For the last seven years, I have been fortunate enough to watch XML develop and mature from a special point of view thanks to my work as a consultant, trainer, and writer.
When XML was first introduced, organizations and developers were politely suspicious of this new "markup language -- whatever that is." Then, as they applied XML to more and more of their problems, they became enthusiastic. Now, a wide range of developers and organizations naturally include XML in their projects.
Unfortunately, with growing use has come growing abuse -- in this respect, XML mirrors the adoption of other technologies. The first users of any new technology are often passionate about it (they have to be if they want to convince colleagues and customers of its value), but they too may have doubts, so they will usually take time to research how best to implement the new technology.
As a technology matures, it is increasingly taken for granted. And as the technology is used with more and more applications, more mistakes are made with it. Fortunately, in parallel, experience builds up: Well-tested solutions to common problems emerge and are documented, along with common pitfalls.
For this series of four articles, I have gone through my notes and searched for XML pitfalls that appear again and again. My hope is that as I document them and provide alternatives, I will help you avoid falling victim to common problems with the technology.
I'll start with the most fundamental layer: XML itself. Adherence to a common syntax is the first step towards building reliable applications. This installment focuses on three common issues:
- Use of a parser and character escaping
- Encodings
- Namespaces
The articles that follow will review how to exploit XML documents reliably, how to validate and test XML documents, and how to interface XML with the many other file formats, such as images, movies, word processing, and more.
This first section covers some basic material on XML syntax. If you are already well-versed in this, feel free to skip to the next section.
XML syntax is simple: Essentially, you must balance the opening and closing tags. Yet I wish I had a proverbial nickel for every e-mail I've received saying, "I'm trying to process the attached XML document through such and such tool and it fails -- could you recommend a better tool?" Invariably, I open the document and find an obvious syntax error such as an empty tag without the closing slash (it should look like this: <empty/>).

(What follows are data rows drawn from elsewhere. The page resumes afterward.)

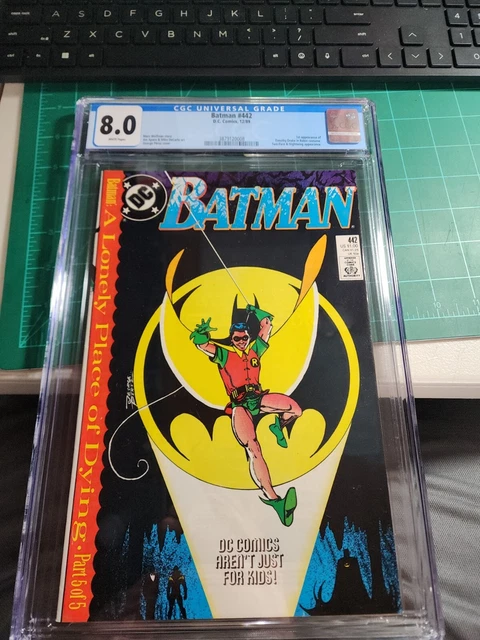 Batman 442 CGC 8.0 1st App Of Timothy Drake In Robin Costume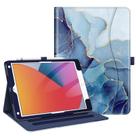 Capa Fintie para iPad de 9ª, 8ª e 7ª geração de 10,2" com Stand Ocean
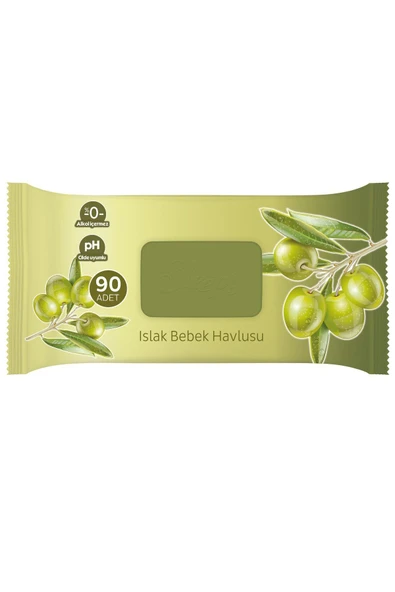 Sleepy Sensitive Zeytinyağlı Islak Havlu 90 lı 7 Paket ürün görseli 1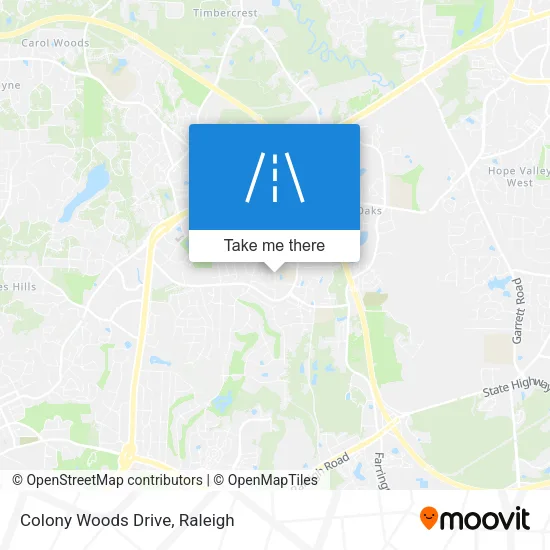 Colony Woods Drive map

If the document does not completely adhere to XML syntax, then it's not an XML document; if it's not an XML document, XML tools cannot process it. XML has a very precise and formal syntax. Either a document adheres to the syntax fully, or it is not recognized. Simple as that.
Conversely, some applications may refuse perfectly valid documents. An application might not implement the syntax fully and fail to recognize, say, character entities (î, for example).

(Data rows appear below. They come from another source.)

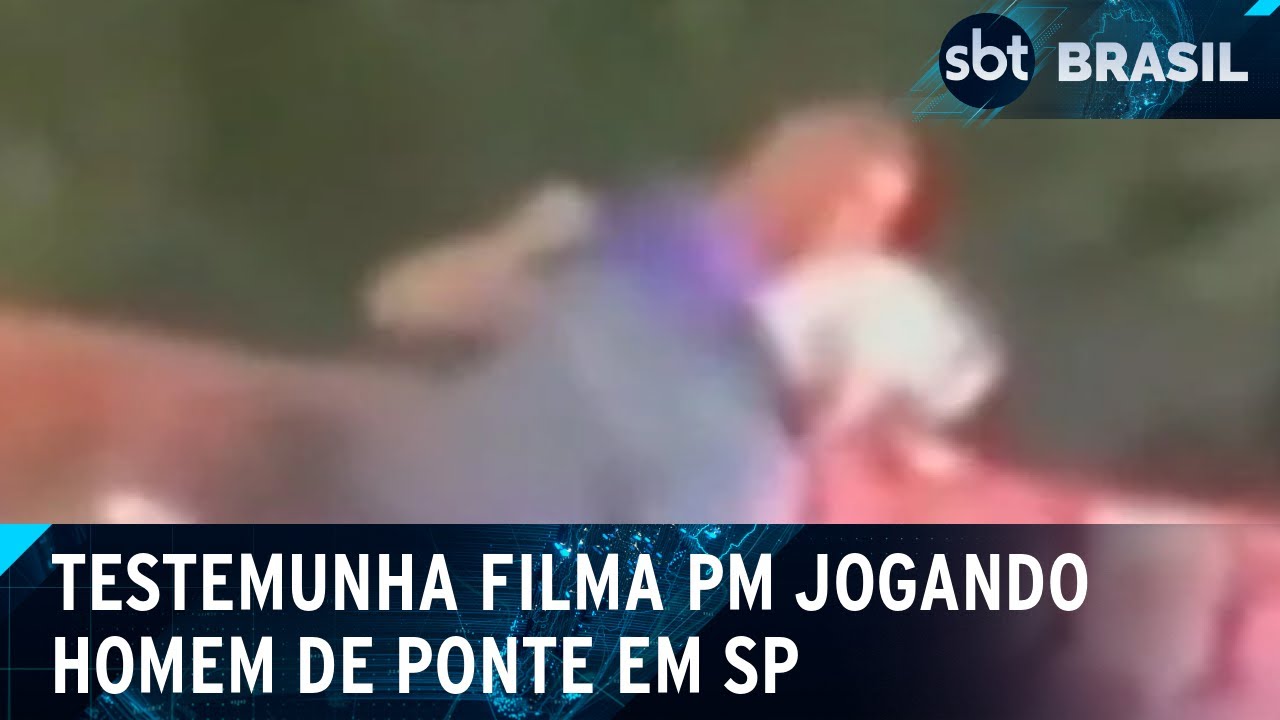 PM &eacute; flagrado jogando homem de ponte na zona sul de S&atilde;o Paulo | SBT Brasil (03/12/24)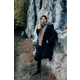 Madmext Black Long Faux Shearling Down Coat 5995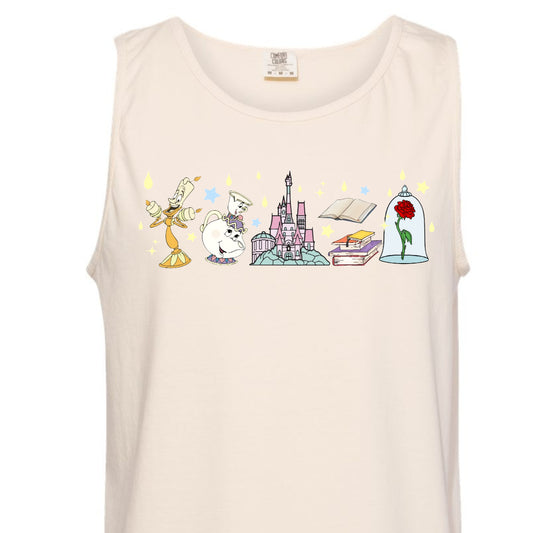 Beauty and the Beast Comfort Colors Tank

The problem is XML's apparent simplicity. It often may seem easier and faster to hack something rather than to learn yet another component. This may work in a closed loop where an application reads the document it has produced, but it is unlikely to work in a production environment where several applications work on the document.
Fortunately, it's easy to avoid this problem entirely by using an XML parser. XML parsers are available in every programming language (even Cobol enjoys strong XML support), so you have no reason not to use them.
As a developer, you have two options: an XML parser or a marshalling component. If you want or need low-level control over the decoding of an XML document, then you should use an XML parser. For the purposes of this article, it does not matter if the parser follows the DOM, JDOM, SAX, or StAX, but a real XML parser is the only guarantee that you will read every XML document properly.
If you don't need as much control over parsing, you may find a marshalling component -- such as JAXB, Castor, or Axis -- more convenient. Marshalling components map directly between XML tags and Java™ objects. JAXB and Castor are designed to work with documents on file, and Axis works with Web services. Marshalling components embed an XML parser, so you can be sure that they implement the syntax fully.
While I recommend the use of a parser for reading XML documents, you might get by if you implement your own routines for writing documents. Reading XML documents is a complex task because the reader must support the complete syntax, but writing XML documents is comparatively easy because you can get by with a subset of the syntax: If you don't need attributes, you don't have to support them; if you don't need multiple encodings, you don't have to support them; and so on.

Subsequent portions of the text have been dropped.